I personally do not want to just target one group of women or couples I want to show everyone just how wonderfully lovely they are no matter what. In doing that I want to focus on making sure my models represent all different types of bodies.


----------



## Tau (Jun 11, 2011)

Nothing useful to add except to say I FRIGGING ADORE YOUR PHOTOGRAPHY!! So much warmth in those images - just absolutely loveley :wubu:


----------



## hiddenexposure (Jun 11, 2011)

Thank you soooo much! That means a lot, I really want to convey that type of emotion in my work so to hear someone say they are sensing that means a bunch! 

I think I know what I'm going to do! I am right now working on amping up my portfolio by doing casual lifestyle shoots with a couple of my plus-size friends. Once I get those up I will let you guys see them. If anyone is down for getting photos taken please let me know! I'd totally travel!


----------



## LovelyLiz (Jun 11, 2011)

hiddenexposure said:


> When it comes to shooting a larger body there are *certain poses that work and some that do not*. While all photographers should know how to pose for all different types of people many just focus on the thinner subjects and therefore there is a lack of diversity in their work. *snipped*



Cool, I get ya. I guess my question was about the bolded portion (and for the record, I also think your photography is great!). What does it mean for a shot not to "work" for a fat person? Like, it just doesn't look good from a photographers POV, or in terms of conventions in terms of what is thought to be beautiful or what?


----------



## hiddenexposure (Jun 11, 2011)

What I mean by that is that there are certain poses that are not as flattering as they would be for a thinner model. There are ways of standing etc that will make a shape larger than it actually is, take for example Lane Bryant, their models are, per average, smaller than the sizes they sell, but they pose them in a certain way to make the body appear larger in addition to the pinning etc. 

Does that make sense?


----------



## LovelyLiz (Jun 12, 2011)

hiddenexposure said:


> What I mean by that is that there are certain poses that are not as flattering as they would be for a thinner model. There are ways of standing etc that will make a shape larger than it actually is, take for example Lane Bryant, their models are, per average, smaller than the sizes they sell, but they pose them in a certain way to make the body appear larger in addition to the pinning etc.
> 
> Does that make sense?



Sure - I guess I just was wondering whether for you "flattering" meant looking thinner, or minimizing double chins or other conventional things like that, or whether you had a different understanding of "flattering" images of fat people? I was just curious what those were.


----------



## hiddenexposure (Jun 12, 2011)

I mean to that end flattering would mean making your subject look their best in whatever context, that may mean posing in a way to lessen a double chin if that is something the subject wants etc. It may also mean working on deaccentuating trouble areas and playing up others. 

My philosophy is that 1-I want people ( women especially) to not fear the camera and 2- for them to allow themselves to feel beautiful.
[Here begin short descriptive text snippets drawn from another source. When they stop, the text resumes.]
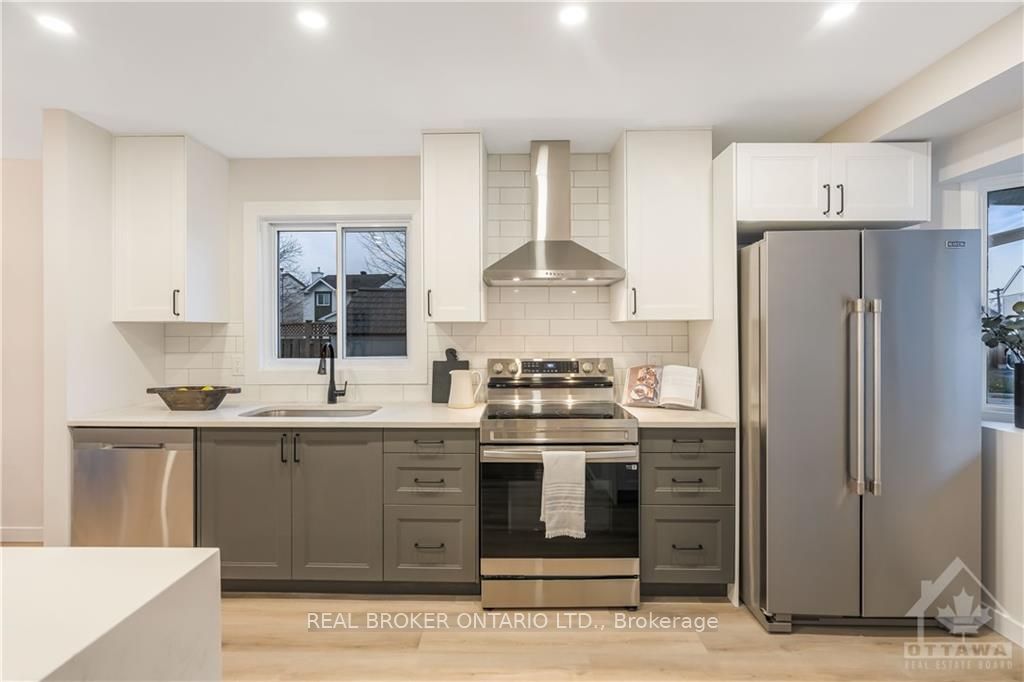 Photo 5 of 272 Cote Royale Crescent, Ottawa, Bilberry Creek/Queenswood Heights — HOMEH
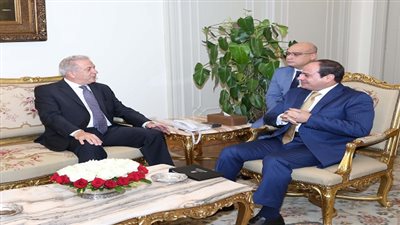 السيسي يستقبل المفوض الأوروبي لشئون الهجرة والمواطنة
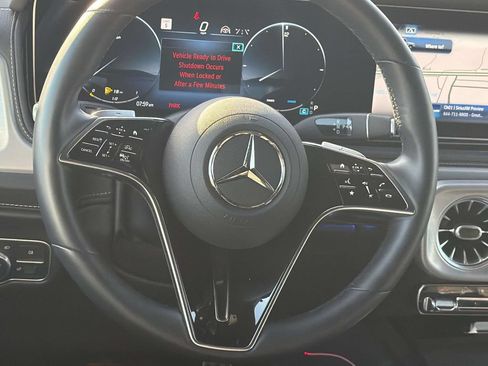 Used 2025 Mercedes-Benz G 550 image 11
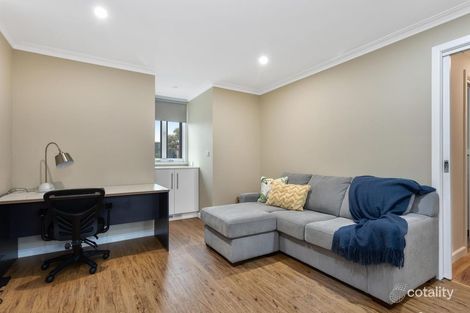 Property photo of 33 Parer Street Burwood VIC 3125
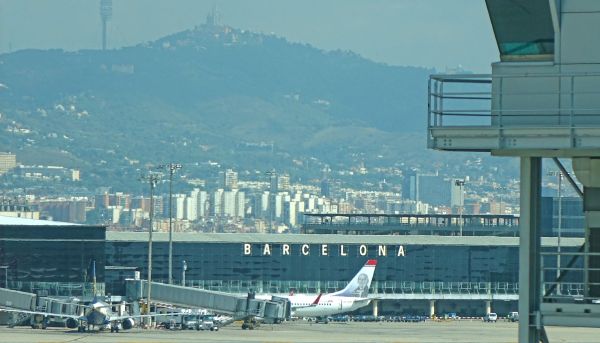 Vé máy bay đi Barcelona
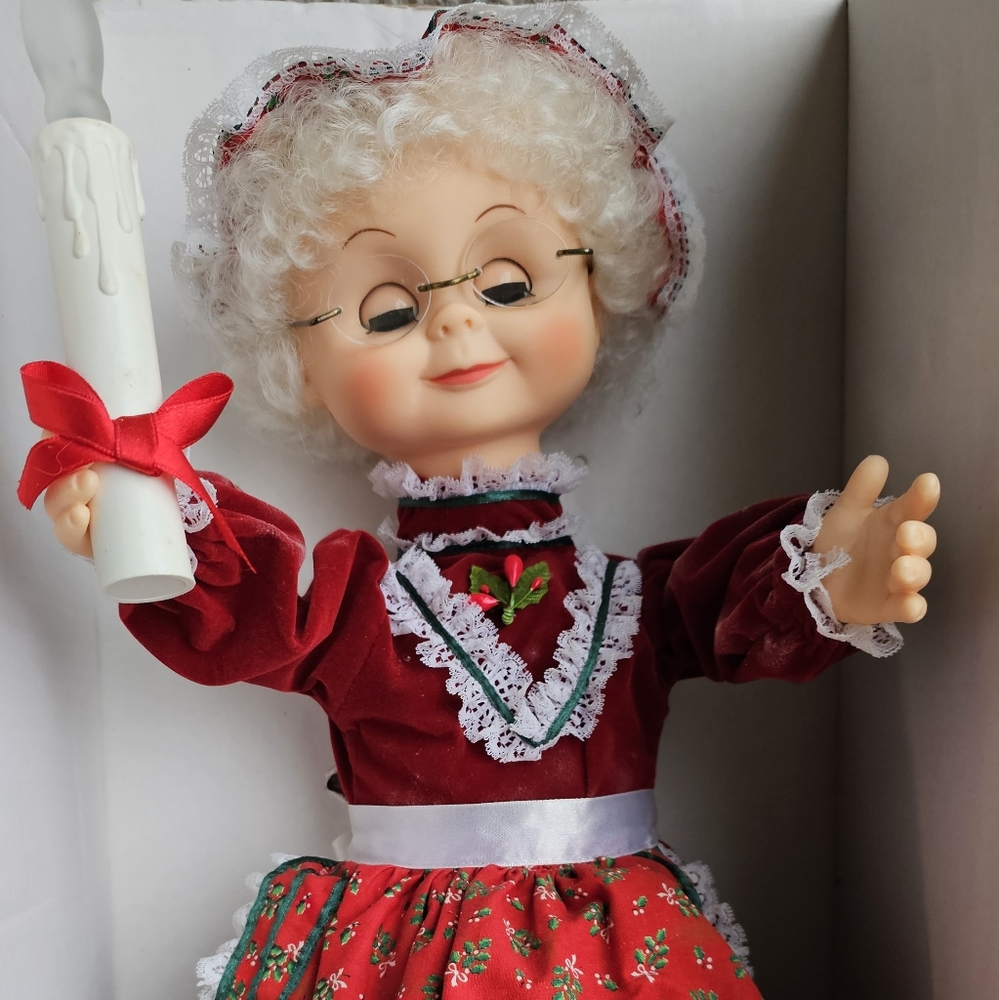 Vintage Mrs Claus animated still in box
So often we hide from cameras because so many "bad" photos are taken and with the advent of social media it's that much more public and it's hard to have an accurate concept of self or self esteem when you are bombarded with those bad images.I feel as though everyone deserves a great portrait and especially those who have felt "less than" , so why not get fun portraits done that show you off and make you look your absolute best all while getting a chance to dress up and have a little fun!


----------



## CastingPearls (Jun 12, 2011)

I'm a fan and most definitely would use a photographer that has experience with taking pics of fat people because I believe photography is an art and knowing one's subject is essential.

If we lived closer I'd consider asking you to do a portrait, at least.


----------



## lalatx (Jun 13, 2011)

I had pin up and some "normal" photos taken professionally late last year. One of my dear friends is a photographer and she took my photos as well as a fellow friends photos. My friend generally takes wedding, engagement and baby photos so our photos were the 1st pin up photos she had ever taken. 
She has a home studio and made us feel really comfortable. I honestly could not have hoped for a better experience. I was not put off by her lack of experience taking pin up photos or photos or larger people and I wanted to help her build her portfolio.
It is true if the person is a good photographer they will know how to to pose people and what looks good.... Your photos are beautiful by the way.


----------



## 1love_emily (Jun 13, 2011)

Do you want to come take some photos of me? Haha I love being photographed because that's when people tell me that I'm beautiful. 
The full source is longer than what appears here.